Sun Java System Application Server Enterprise Edition 8.2 Performance Tuning Guide

Security Requirements

Most business applications require security. This section discusses security considerations and decisions.

User Authentication and Authorization

Application users must be authenticated. The Application Server provides three different choices for user authentication: file-based, LDAP, and Solaris.

The default file based security realm is suitable for developer environments, where new applications are developed and tested. At deployment time, the server administrator can choose between the Lightweight Directory Access Protocol (LDAP) or Solaris security realms. Many large enterprises use LDAP-based directory servers to maintain employee and customer profiles. Small to medium enterprises that do not already use a directory server may find it advantageous to leverage investment in Solaris security infrastructure.

For more information on security realms, see Chapter 9, Configuring Security, in Sun Java System Application Server Enterprise Edition 8.2 Administration Guide.

The type of authentication mechanism chosen may require additional hardware for the deployment. Typically a directory server executes on a separate server, and may also require a backup for replication and high availability. Refer to Sun Java System Directory Server documentation for more information on deployment, sizing, and availability guidelines.

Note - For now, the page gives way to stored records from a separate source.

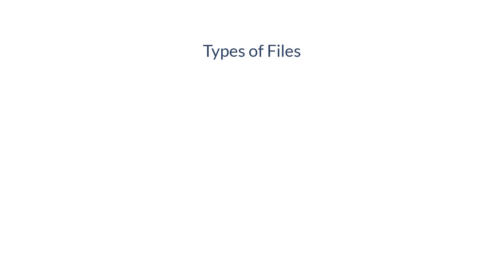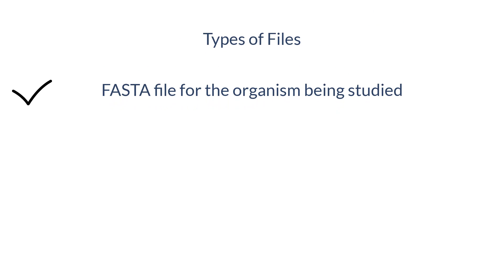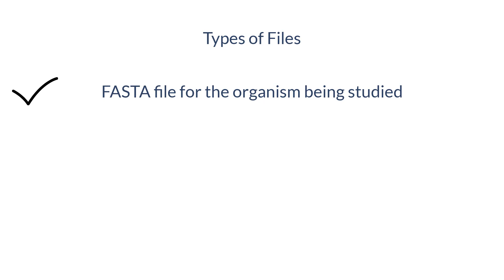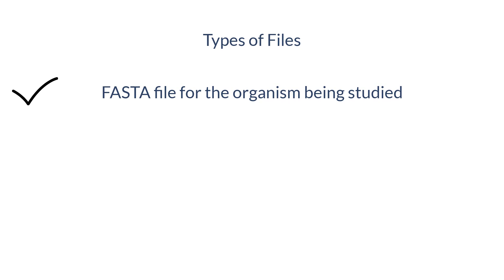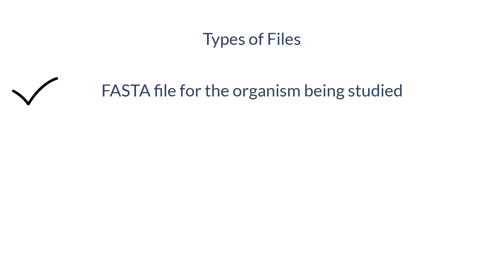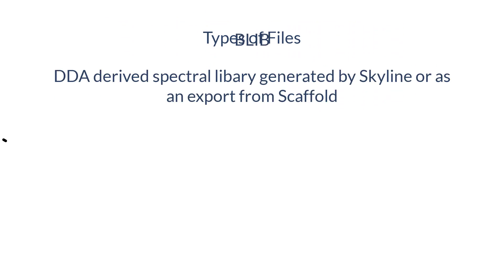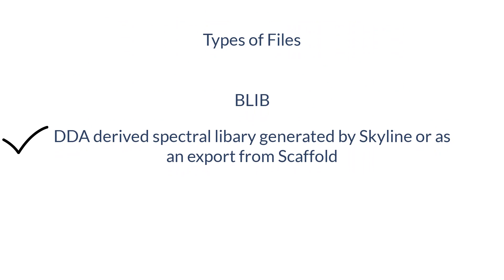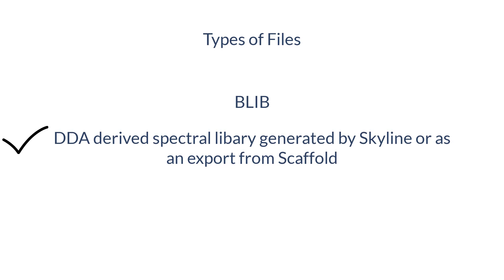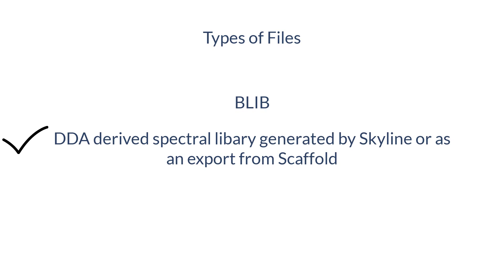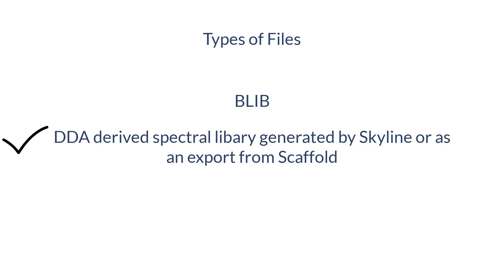There are three types of files that can be used for searching in Scaffold DIA. The first is a standard FASTA file matching the organism being studied. Next is a Blib spectral library that can be created in Skyline or as an export from Scaffold.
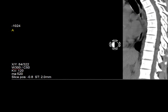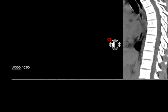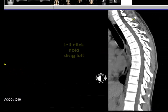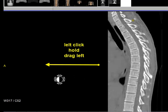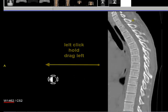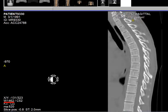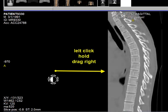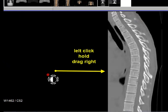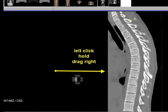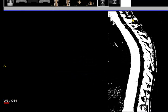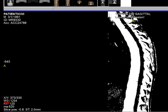I now have a width of 300. If I left click, hold, and drag to the left, you notice that the number gets much higher — in this case I have gone up to 1462. If I left click and drag to the right, you notice that the number gets smaller and it goes down to a width of 3.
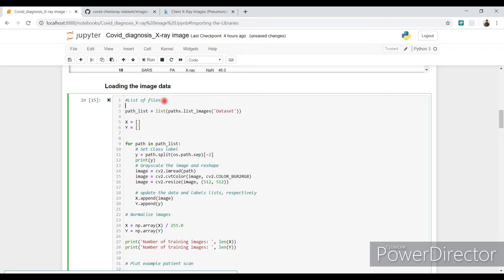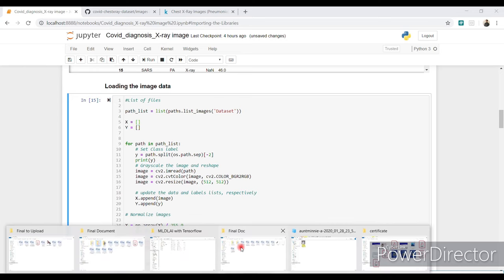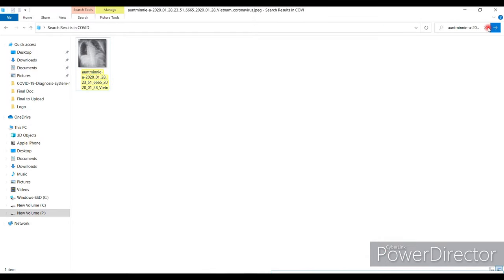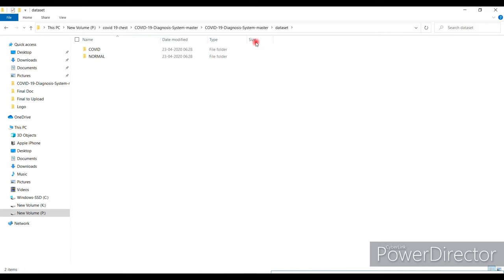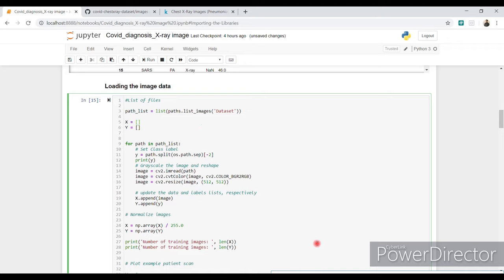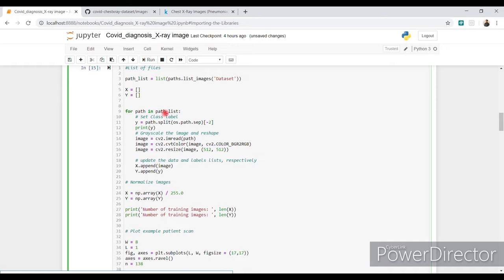Write your path to where you set the dataset. Always keep in mind that the dataset path you declare here must be the same as the actual folder path, otherwise you will get an error. Define two empty lists X and Y. Then loop through the path list — which contains all COVID-19 and normal image paths — storing image labels in the Y variable.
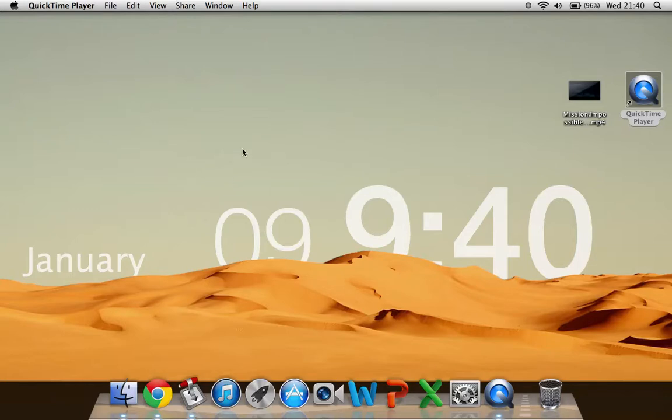Hi there guys, it's the OSXkid and we're doing a tutorial today on how to download films offline using the app Transmission.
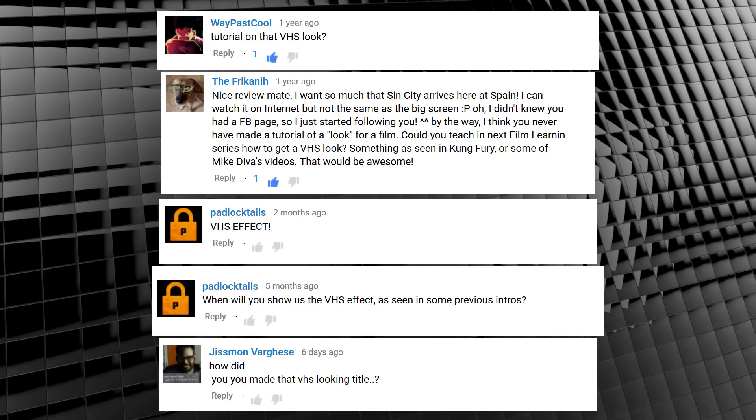Now hopefully you survived the cringiness of that opening sketch, because what we're doing today is going back in time and creating a retro VHS effect, or VHS distortion effect, whatever you want to call it. That's what we're doing today. Now over the years this has been requested by a whole bunch of you, so I'll just put you all on screen right now. There we go. My conscience is clear.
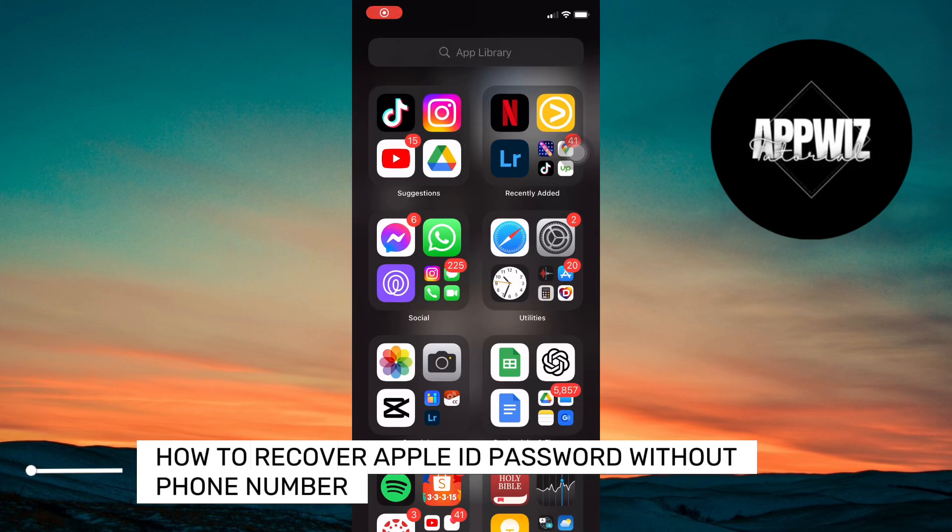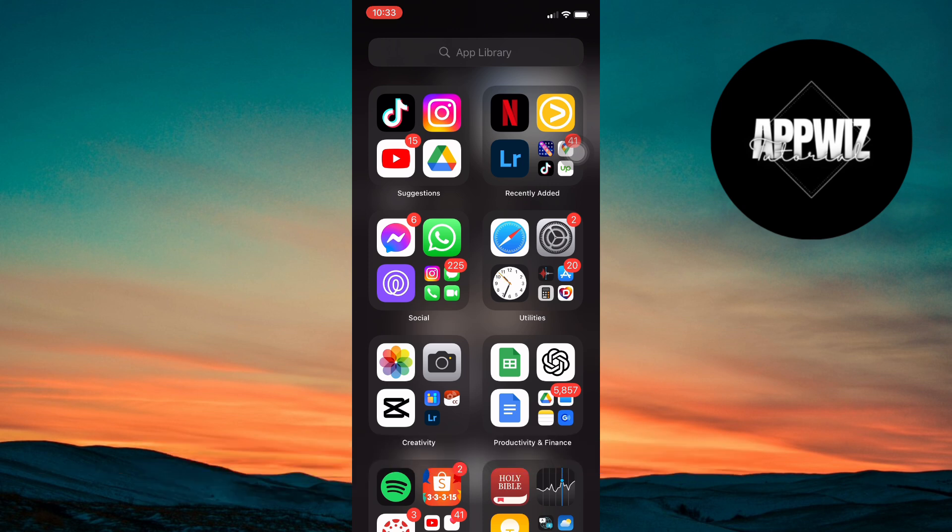Hey everyone! Today, I'll show you how to recover your Apple ID password without a phone number. Let's get started.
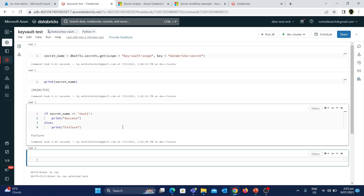There are many ways to do this, but this is one of the most commonly used approaches for handling sensitive values in Azure Databricks. That's it for today. If you like this video, please give a like and subscribe to my channel. See you in another great video.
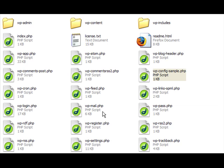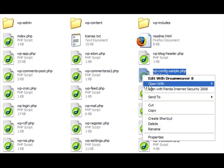I've got the latest version of WordPress downloaded and unzipped here, and I'm just going to open up the wp-config-sample.php file with Notepad.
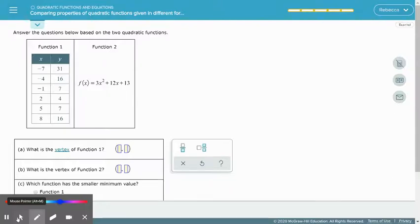Comparing properties of quadratic functions given in different forms. We're going to have tables, equations, and graphs that we need to compare. We are going to be asked to answer questions about these two functions. First, we want to know what is the vertex of function 1.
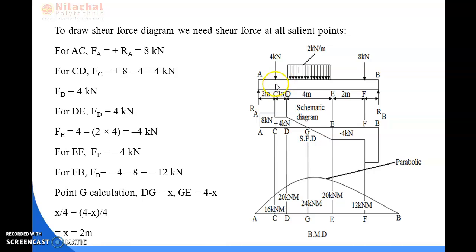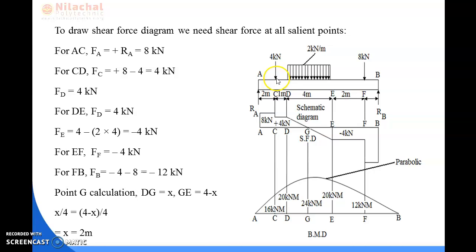For the span CD, the shear force at point C equals 8 minus 4 kilonewton, where 4 kilonewton is deducted due to the point load acting at C. So the shear force at C is 4 kilonewton. Since there is no loading between C and D, the shear force remains constant, and the shear force at point D is also 4 kilonewton.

An authenticated user’s access to application functions may also need authorization checks. If the application uses the role-based J2EE authorization checks, the application server performs some additional checking, which incurs additional overheads. When you perform capacity planning, you must take this additional overhead into account.

Encryption

For security reasons, sensitive user inputs and application output must be encrypted. Most business-oriented web applications encrypt all or some of the communication flow between the browser and Application Server. Online shopping applications encrypt traffic when the user is completing a purchase or supplying private data. Portal applications such as news and media typically do not employ encryption. Secure Sockets Layer (SSL) is the most common security framework, and is supported by many browsers and application servers.

The Application Server supports SSL 2.0 and 3.0 and contains software support for various cipher suites. It also supports integration of hardware encryption cards for even higher performance. Security considerations, particularly when using the integrated software encryption, will impact hardware sizing and capacity planning.

Consider the following when assessing the encryption needs for a deployment:

For information on how to encrypt the communication between web servers and Application Server, please refer to Chapter 9, Configuring Security, in Sun Java System Application Server Enterprise Edition 8.2 Administration Guide.